Jamais depuis sa fondation en 1972, le parti d’extrême droite n’avait réussi à accéder à cette assemblée, où les deux tiers des sièges renouvelables étaient remis en jeu à la proportionnelle en 2014. Le parti n’a jamais vraiment jugé cette élection stratégique, encore moins évidente, vu la particularité d’une campagne sénatoriale.

David Rachline, le plus jeune sénateur de la Ve République

Les sénatoriales de 2014 restent la réplique logique des municipales du printemps, marquées par une poussée du FN, qui s’implante dans une dizaine de communes. Dans les Bouches-du-Rhône, la gauche perd un siège au profit de la liste FN de Stéphane Ravier (12,4 % des voix), le nouveau maire du 7e secteur de Marseille. Dans le Var, le FN obtient les suffrages de près de 19 % des grands électeurs et ravit l’un des trois sièges de la droite.

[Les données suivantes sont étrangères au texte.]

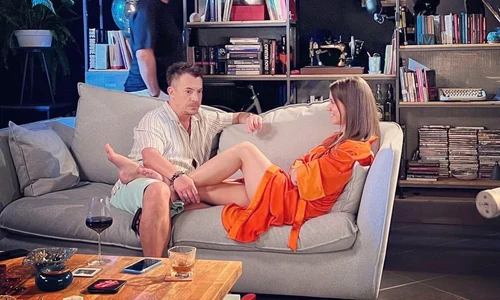 Răzvan Fodor și Ada Condeescu, în tandrețuri în comedia "Retreat Vama Veche"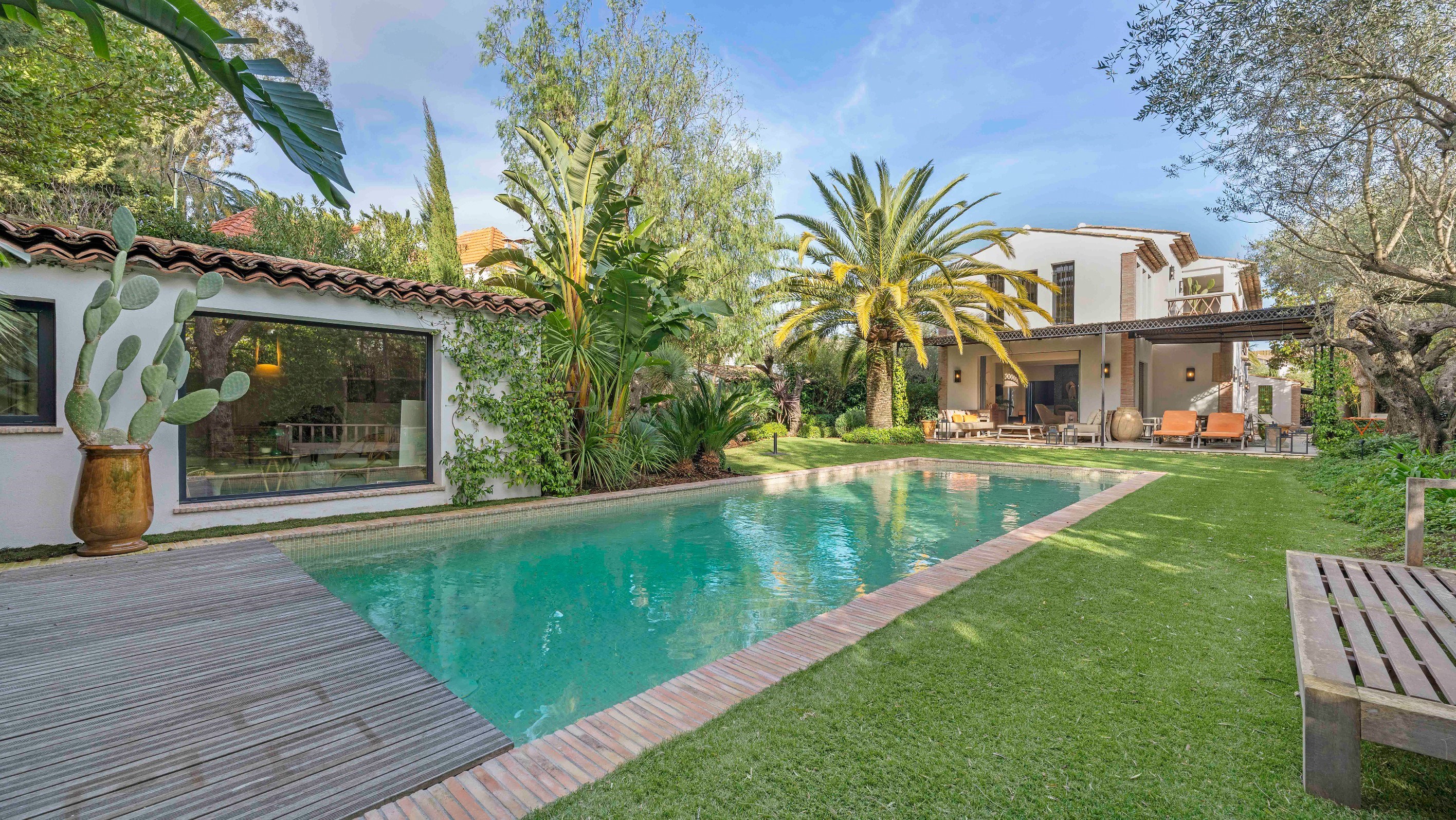  Saint-Tropez contemporary villa with pool walking distance to the village centre - 物件實景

David Rachline, 26 ans, maire de Fréjus depuis six mois, devient le plus jeune sénateur de la Ve République. Tout un symbole. Il est le pendant de Marion Maréchal-Le Pen, élue députée dans le Vaucluse à seulement 22 ans, en 2012. Il s’en est même fallu de peu pour que le parti frontiste décroche un troisième sénateur dans le Vaucluse. La division avec la Ligue du Sud lui a été fatale.

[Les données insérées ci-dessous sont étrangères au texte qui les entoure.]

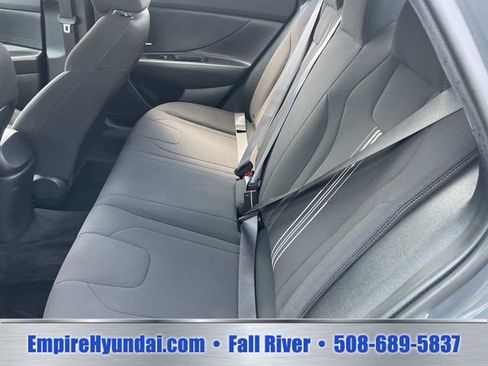 Used 2023 Hyundai Elantra SEL FWD image 13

« Plus une seule Assemblée en France n'est interdite au FN »

Globalement, la moisson est spectaculaire pour le Front national pour des élections sénatoriales, malgré le bilan final qui se réduit à deux parlementaires. Après les municipales, il disposait d’un millier de grands électeurs. Ses scores sont allés bien au-delà de ses espérances, puisqu’il a convaincu près de 4000 grands électeurs aux sénatoriales du 28 septembre, notamment des élus de petites communes, sans appartenance partisane, sans étiquette.

Deux ans après ses 17,9 % à l’élection présidentielle de 2012 (soit 6,4 millions d’électeurs), et surtout sa première place aux européennes de mai 2014 (24,9 %), le FN vient de gravir une marche supplémentaire. Des observateurs politiques parlent d’une nouvelle « digue » qui s’écroule, et d’un symbole supplémentaire d’une ascension électorale.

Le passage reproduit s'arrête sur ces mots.